We will have to add our logic to connect to MotherDuck, but we can worry about that later.
Now for the DAG, maybe at the same time we will write the DuckDB/MotherDuck crap and talk about it all at once.
BTW, we are going to use 50GB of CSV hard drive data in s3 to let DuckDB crunch on. Can’t make it easy, you know what I’m saying??’
Anywho, Airflow DAG + MotherDuck + DuckDB logic. Code on GitHub.
Well, I do have to admit … kinda looks nice don’t it?? Hold on, going to send a picture of this my mother, make her proud and all.
What a match made in heaven, that MotherDuck and Airflow, to think all the poor saps out there tripping over FiveTran when you can write this sort of thing.
Let’s be honest, connecting your code to MotherDuck vs running it locally is lit.
con = duckdb.connect(f"md:{MD_DB}?motherduck_token={MD_TOKEN}")I mean seriously, MotherDuck is a genius. Ain’t nobody else by a mile who is making it this EASY to move from development code to production.

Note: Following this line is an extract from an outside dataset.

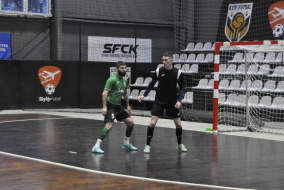 <a href="https://st.getinfootball.com/albums/1099898/698a58fccd4d2_1920.jpg" target="_blank">Завантажити оригінал</a>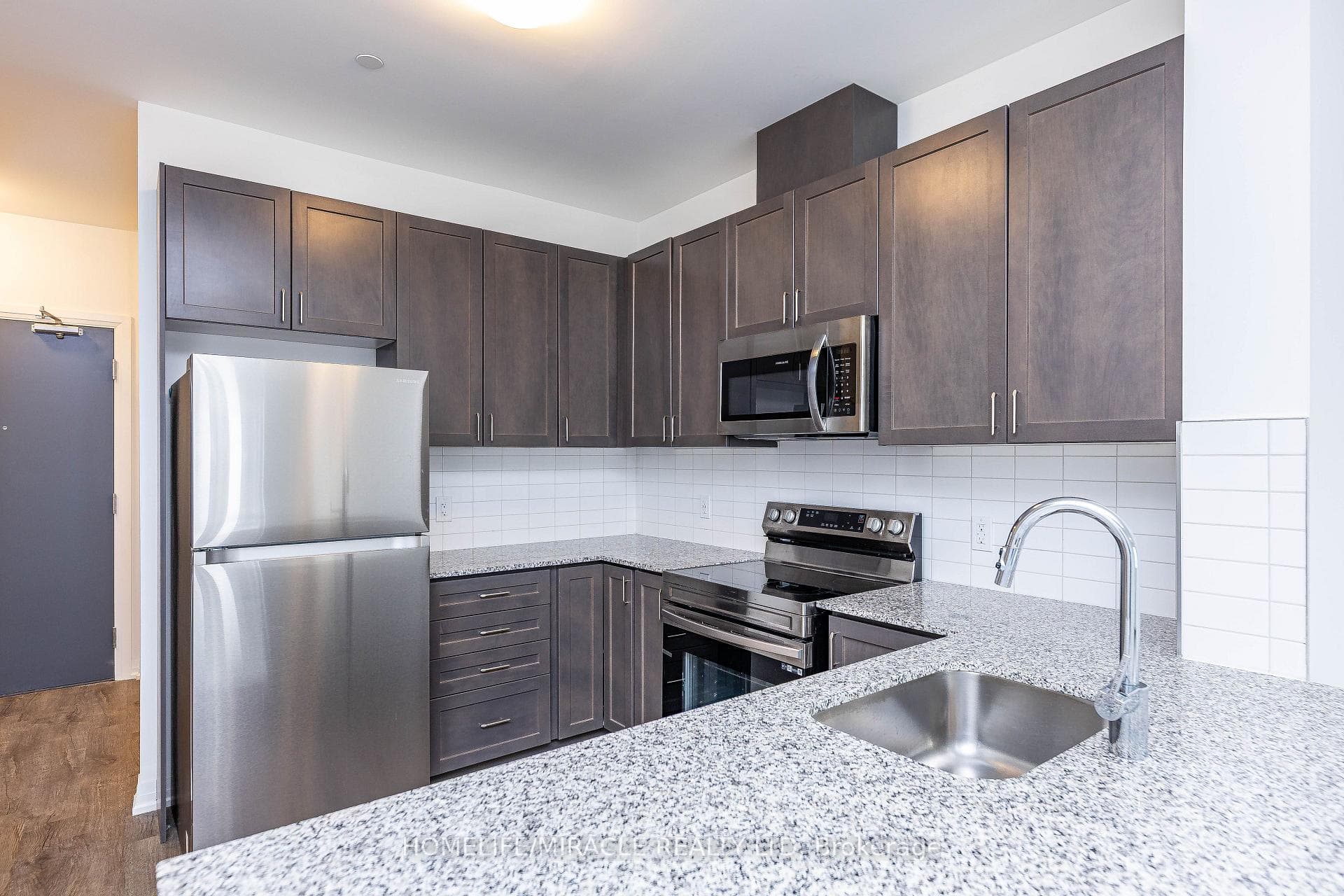 3265 Carding Mill Trail Unit 412 photo 23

Also, you hobbits ain’t going to believe how fast that crap ran.
To top it all off, check the results in the UI was easier and smoother than your hair with all the gel at prom in 9th grade.
Thanks for reading Data Engineering Central! This post is public so feel free to share it.
This MotherDuck thingy is such a beauty it brings a tear to me old eye. You have no idea how many new tools (maybe you do) I agonize over while trying to bring you the good, the bad, and the ugly.
They are always ugly and take copious amounts of time to get working correctly.
What MotherDuck has done with with DuckDB in the cloud is insane, the entire experience end to end is bullet and idiot proof. As per usually everything DuckDB touches turns to gold.